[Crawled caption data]
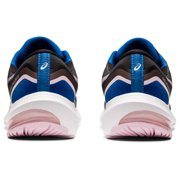 ASICS Women's Gel-Pulse 13 Running Shoes, Size 9 US ( Standard ), Black/Barely Rose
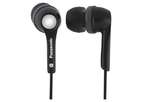 Наушник Panasonic RP-HJE201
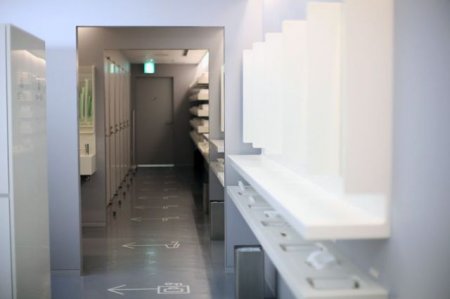   "9 hours" (9 ) (41  + 1 )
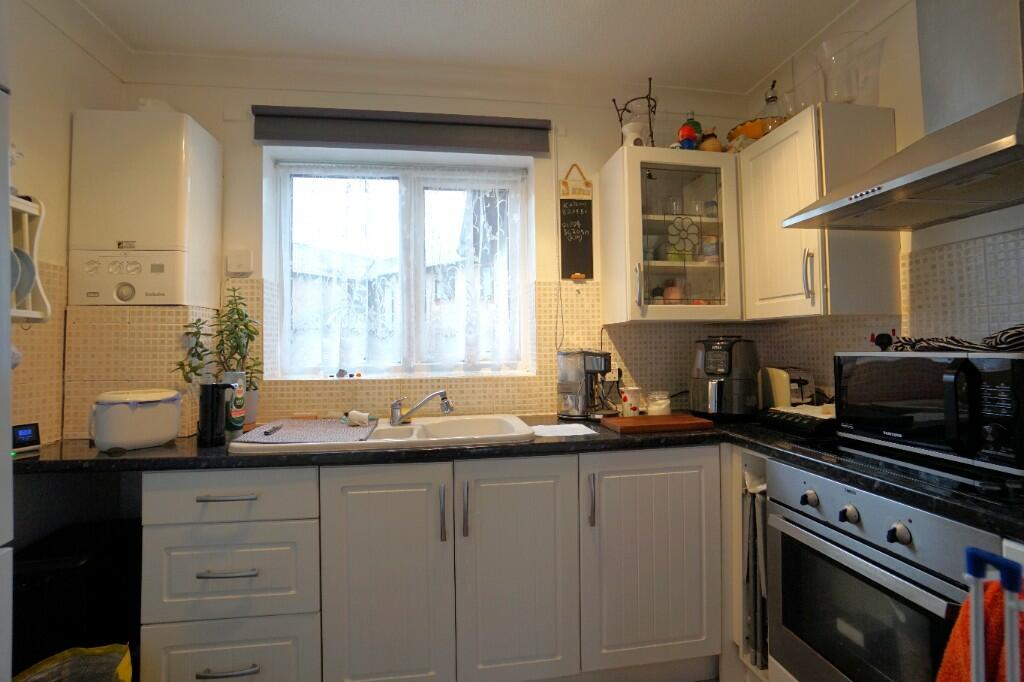 Additional image 7 of Barrows Close, Birchington, Kent, CT7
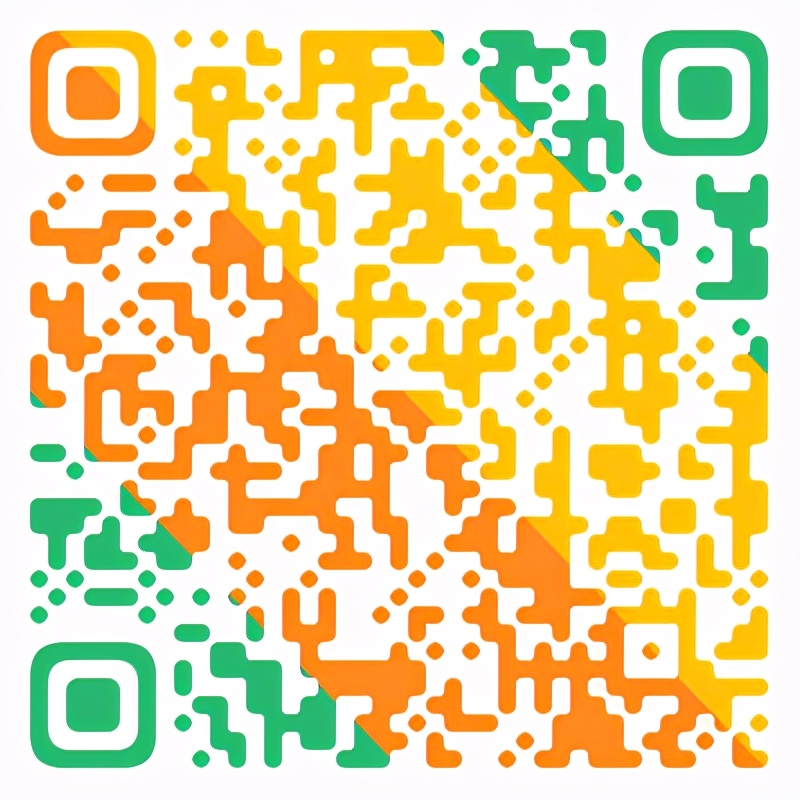 大理足球开幕式,大理足球比赛直播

**Task directions:** Print every line of the data exactly. Pictures do not belong in the copy.

**Solution:**
 ASICS Women's Gel-Pulse 13 Running Shoes, Size 9 US ( Standard ), Black/Barely Rose
 Наушник Panasonic RP-HJE201
   "9 hours" (9 ) (41  + 1 )
 Additional image 7 of Barrows Close, Birchington, Kent, CT7
 大理足球开幕式,大理足球比赛直播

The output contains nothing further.